(Beginning of RECORDS SUPPLIED)
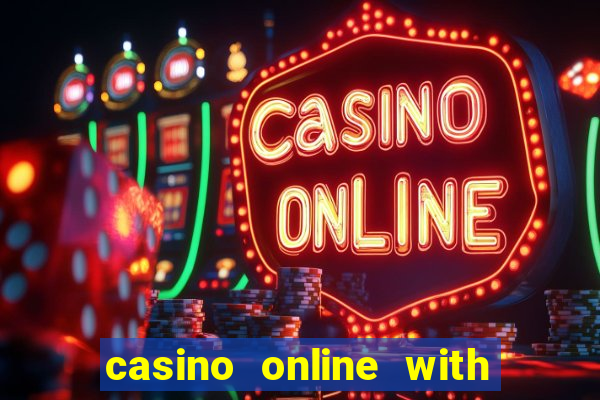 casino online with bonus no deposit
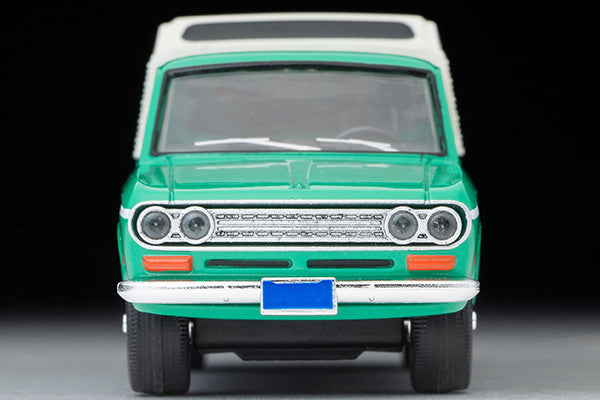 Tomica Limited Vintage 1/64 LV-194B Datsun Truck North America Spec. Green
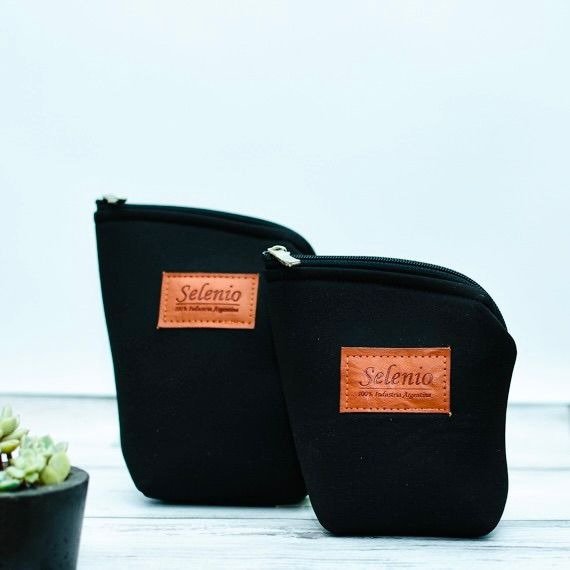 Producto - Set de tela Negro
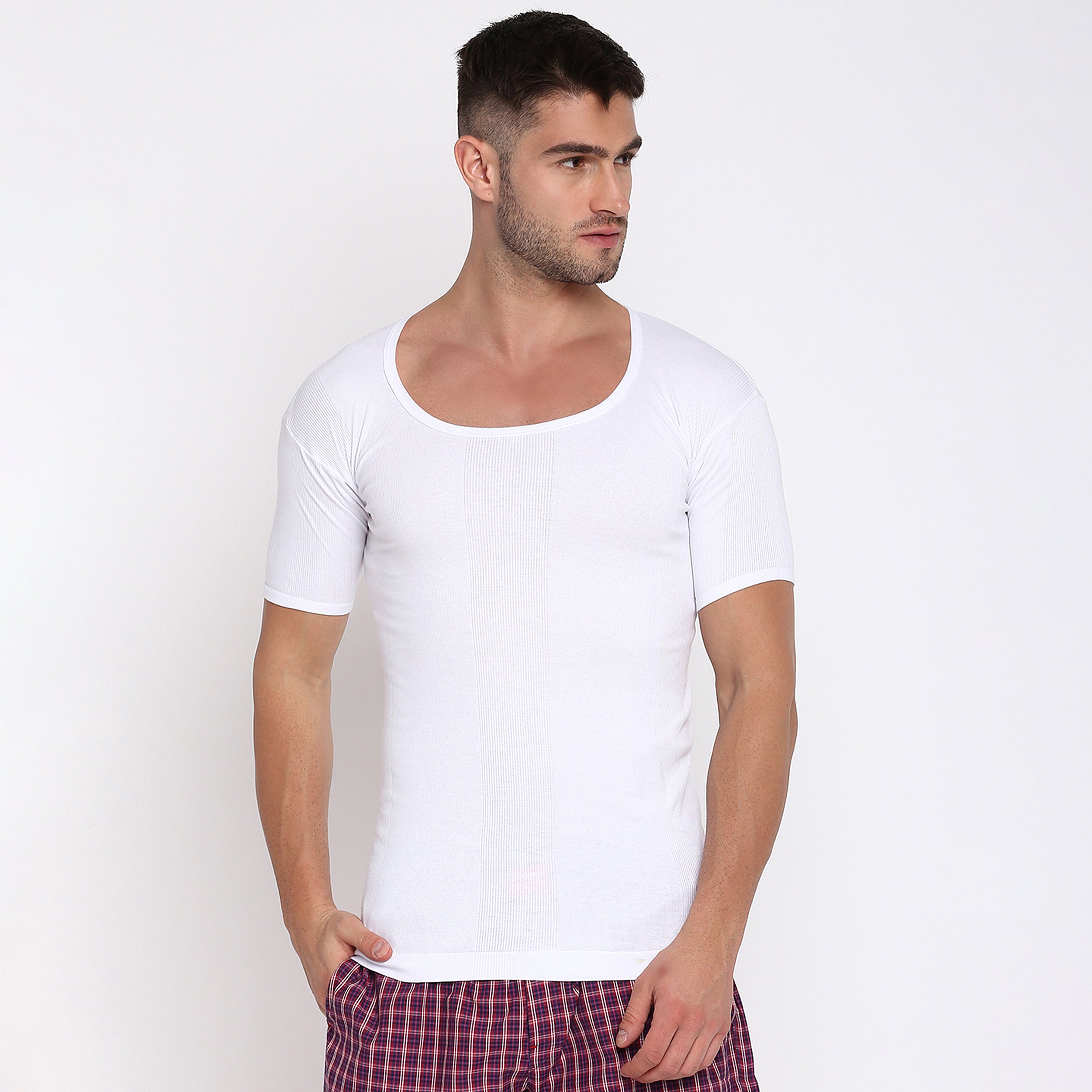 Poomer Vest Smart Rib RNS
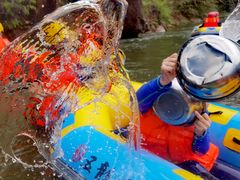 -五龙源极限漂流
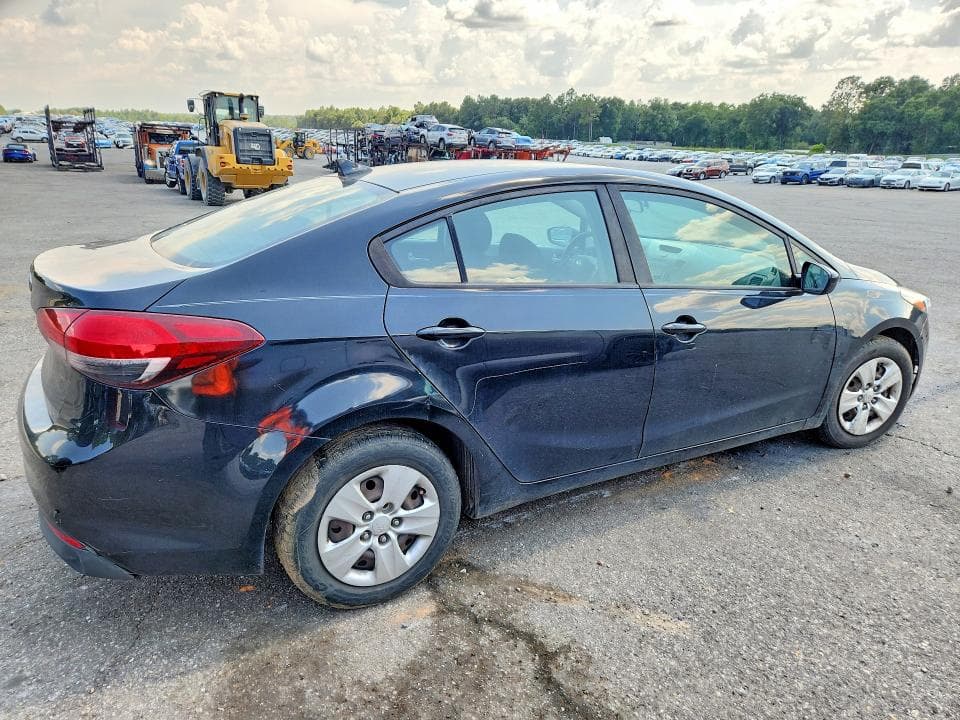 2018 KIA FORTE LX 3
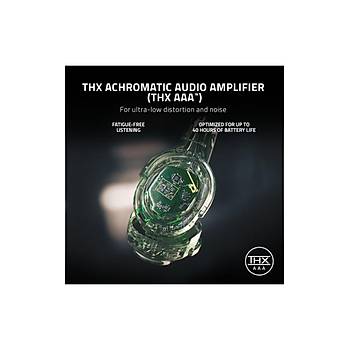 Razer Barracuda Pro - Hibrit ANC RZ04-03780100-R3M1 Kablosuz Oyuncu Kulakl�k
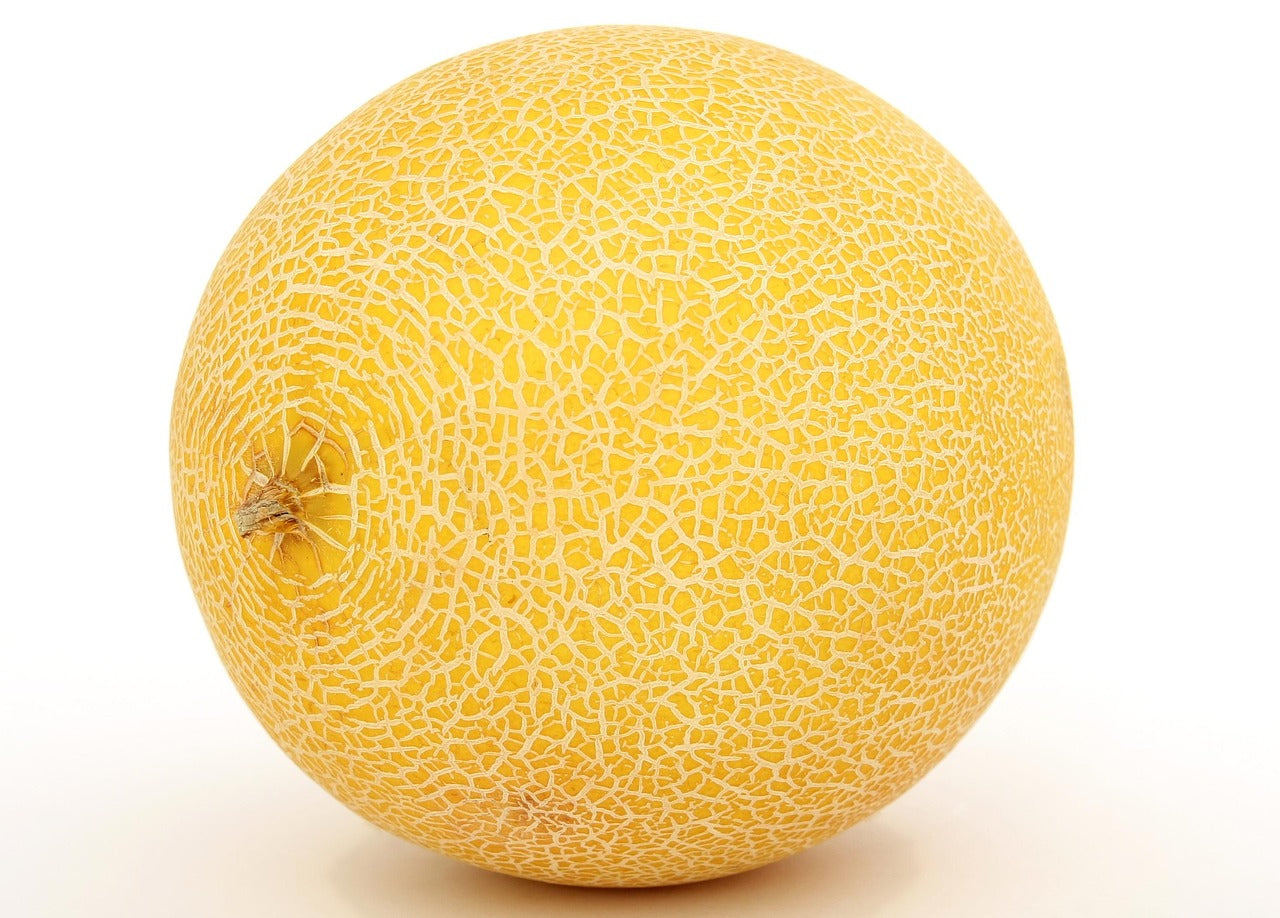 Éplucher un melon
(End of RECORDS SUPPLIED)
- _TASK STATEMENT_
Please set down the lines from the one with "Producto - Set de tela Negro" to the end of the entries above, exactly as they are, and drop every picture.

- _ANSWER BELOW_
 Producto - Set de tela Negro
 Poomer Vest Smart Rib RNS
 -五龙源极限漂流
 2018 KIA FORTE LX 3
 Razer Barracuda Pro - Hibrit ANC RZ04-03780100-R3M1 Kablosuz Oyuncu Kulakl�k
 Éplucher un melon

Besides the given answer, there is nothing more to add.